My Analysis and Recommendation
Investors are drawn to Moderna’s stock because it is both appealing and risky. mRNA-1083, a vaccine that combats both COVID-19 and influenza. This innovation represents Moderna’s prowess. It is critical for investors because it suggests a reversal in the near-term revenue trend. Currently, the market appears to be underestimating the significance and immediacy of this catalyst. As COVID-19 becomes an endemic, similar to the flu, demand for a combination vaccine is expected to rise. Here, Moderna stands poised to exploit.
Beyond COVID-19, Moderna’s mRNA technology shines. Their pipeline, replete with potential cancer therapies and other infectious disease remedies, foretells consistent growth. Such diversification bolsters the firm’s outlook, reaching past pandemic-centric vaccines.
Pfizer’s comparable vaccine, which is slightly ahead in development, is poised to capture a significant market share. This competition may limit Moderna’s market penetration and revenue growth. Furthermore, Moderna’s finances are currently being strained by significant R&D expenditures. Investors should keep a close eye on these. Any clinical setbacks could have a significant impact on the stock.
Investors’ strategy? Diversify holdings, explore hedging options. Vigilance in tracking clinical trials and vaccine market shifts is key for informed decisions.

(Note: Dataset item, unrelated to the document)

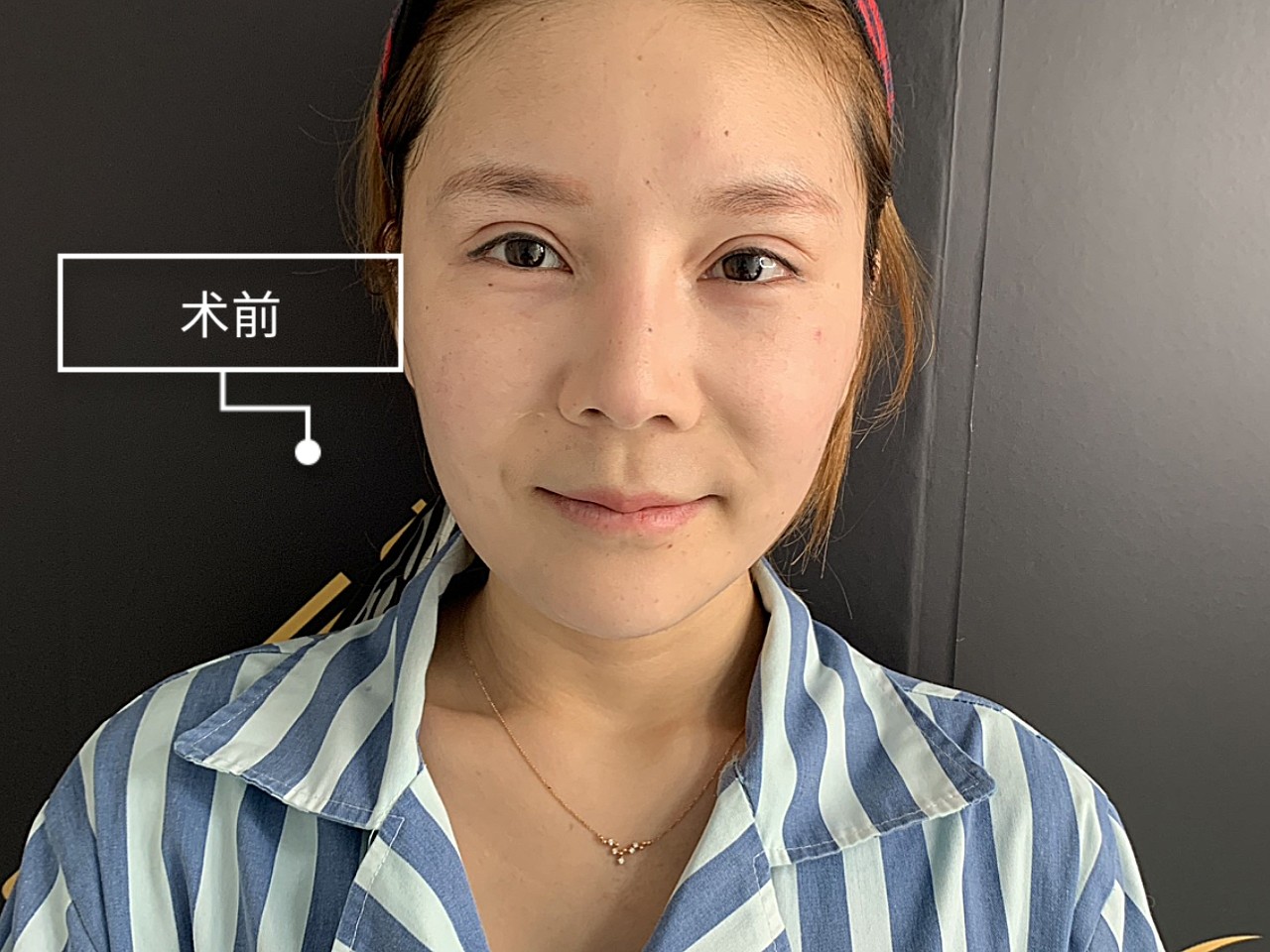 术前诊断术前诊断:宝宝术前苹果肌下垂,想要恢复苹果_圈子-新氧美容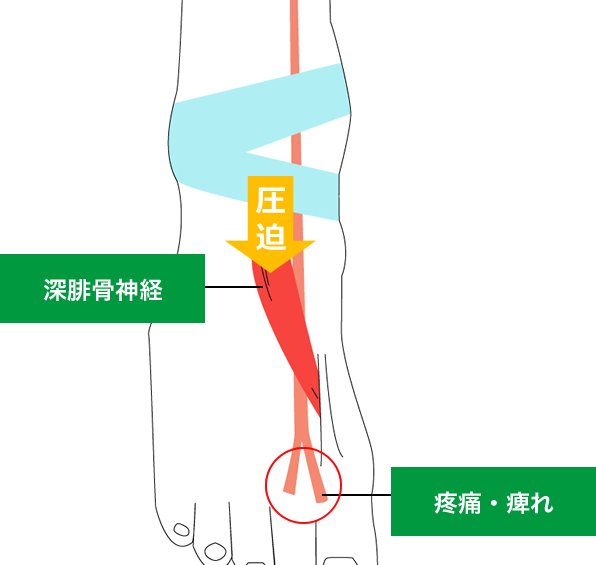 ⑦前足根管症候群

In conclusion, despite fiscal challenges and Pfizer’s shadow, Moderna’s vibrant pipeline and anticipated approval for mRNA-1083 mark it as a viable long-term biotech investment. The company’s solid fiscal footing, underscored by ample cash reserves, reinforces this view. Amid stock fluctuations and clinical unknowns, Moderna remains a “Strong Buy” for forward-looking investors. The pandemic-induced revenues only scratched the surface of Moderna’s medical potential. Although revenues have declined since the pandemic, the technology remains, and patient investors may be rewarded in due course.